- _TASK INSTRUCTIONS_
Nothing should be output except the lines from the top of the material below through the line that contains "Phương pháp nâng", each exactly as written.

- _INFORMATION SUPPLIED_
********
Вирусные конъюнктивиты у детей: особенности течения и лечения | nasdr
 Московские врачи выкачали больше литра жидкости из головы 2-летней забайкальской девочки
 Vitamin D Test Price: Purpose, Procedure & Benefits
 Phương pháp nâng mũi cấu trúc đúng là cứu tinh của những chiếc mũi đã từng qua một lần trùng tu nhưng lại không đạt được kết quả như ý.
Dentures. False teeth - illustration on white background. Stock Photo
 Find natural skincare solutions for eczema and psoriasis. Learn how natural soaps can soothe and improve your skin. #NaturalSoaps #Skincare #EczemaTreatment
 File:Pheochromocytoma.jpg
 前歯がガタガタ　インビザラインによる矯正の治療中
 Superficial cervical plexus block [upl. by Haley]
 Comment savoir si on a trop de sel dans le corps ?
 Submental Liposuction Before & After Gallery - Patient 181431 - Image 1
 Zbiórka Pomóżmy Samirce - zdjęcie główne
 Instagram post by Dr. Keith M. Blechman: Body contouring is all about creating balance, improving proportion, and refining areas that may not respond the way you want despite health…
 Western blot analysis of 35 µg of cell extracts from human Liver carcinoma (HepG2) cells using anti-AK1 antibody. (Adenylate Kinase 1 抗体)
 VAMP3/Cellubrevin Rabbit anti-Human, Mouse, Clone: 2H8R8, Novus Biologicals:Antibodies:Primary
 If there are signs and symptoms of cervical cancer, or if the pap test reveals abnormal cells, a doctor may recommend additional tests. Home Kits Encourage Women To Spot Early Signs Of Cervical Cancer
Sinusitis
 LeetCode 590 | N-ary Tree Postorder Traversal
********
- _FINISHED TASK_
Вирусные конъюнктивиты у детей: особенности течения и лечения | nasdr
 Московские врачи выкачали больше литра жидкости из головы 2-летней забайкальской девочки
 Vitamin D Test Price: Purpose, Procedure & Benefits
 Phương pháp nâng mũi cấu trúc đúng là cứu tinh của những chiếc mũi đã từng qua một lần trùng tu nhưng lại không đạt được kết quả như ý.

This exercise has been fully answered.